* [DESCRIPTION OF THE TASK]
Beneath this instruction is a listing; print exactly the lines in it starting at the line that contains "Custom Gold Black" and going through the line that contains "Tavolo da Pranzo Allungabile".

* [SOURCE DATA]
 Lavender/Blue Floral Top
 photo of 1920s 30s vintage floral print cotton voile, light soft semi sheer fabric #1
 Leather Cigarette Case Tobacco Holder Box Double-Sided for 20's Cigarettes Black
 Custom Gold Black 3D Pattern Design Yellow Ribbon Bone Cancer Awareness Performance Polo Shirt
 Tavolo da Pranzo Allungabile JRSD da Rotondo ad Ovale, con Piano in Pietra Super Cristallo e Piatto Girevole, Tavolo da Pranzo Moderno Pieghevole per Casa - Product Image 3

* * *

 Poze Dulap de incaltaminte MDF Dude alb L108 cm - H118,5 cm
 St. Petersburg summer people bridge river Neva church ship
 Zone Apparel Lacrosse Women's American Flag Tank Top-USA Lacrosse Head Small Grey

...

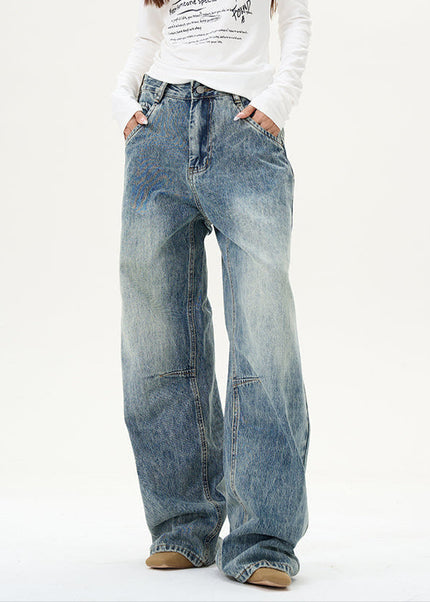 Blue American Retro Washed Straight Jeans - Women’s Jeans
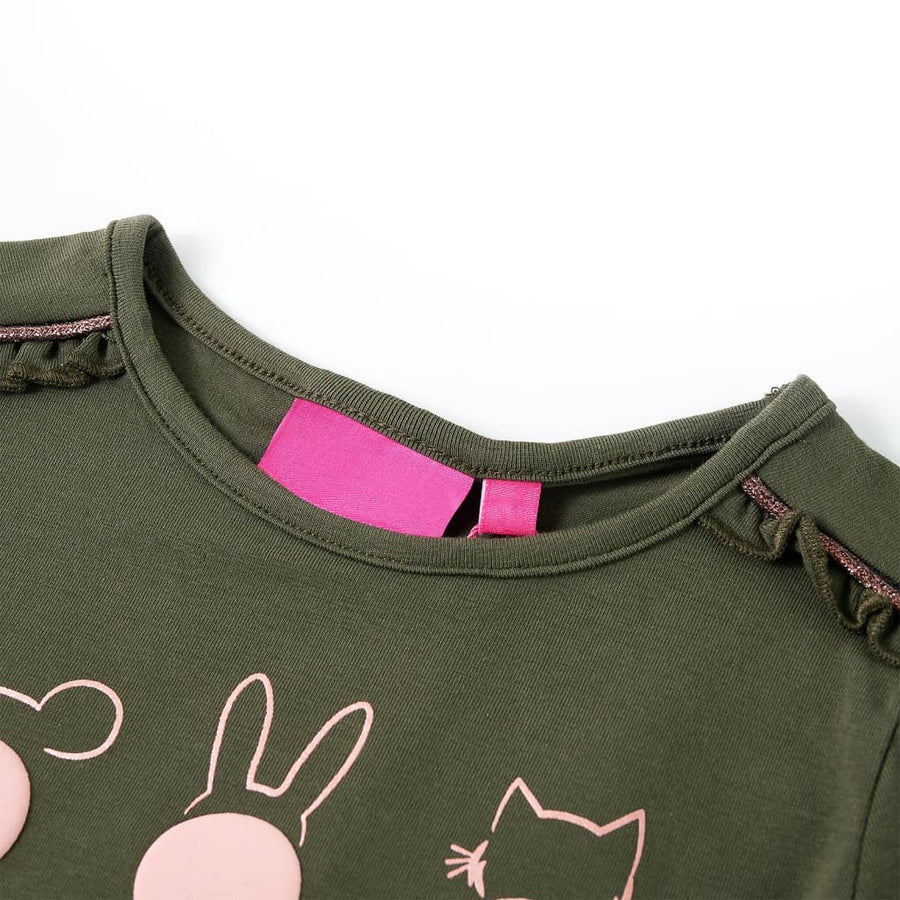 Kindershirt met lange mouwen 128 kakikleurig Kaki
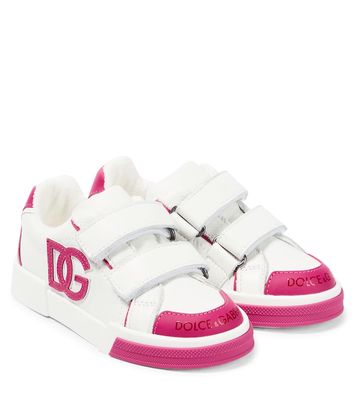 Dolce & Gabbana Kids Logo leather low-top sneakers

* [RESULT BELOW]
 Custom Gold Black 3D Pattern Design Yellow Ribbon Bone Cancer Awareness Performance Polo Shirt
 Tavolo da Pranzo Allungabile JRSD da Rotondo ad Ovale, con Piano in Pietra Super Cristallo e Piatto Girevole, Tavolo da Pranzo Moderno Pieghevole per Casa - Product Image 3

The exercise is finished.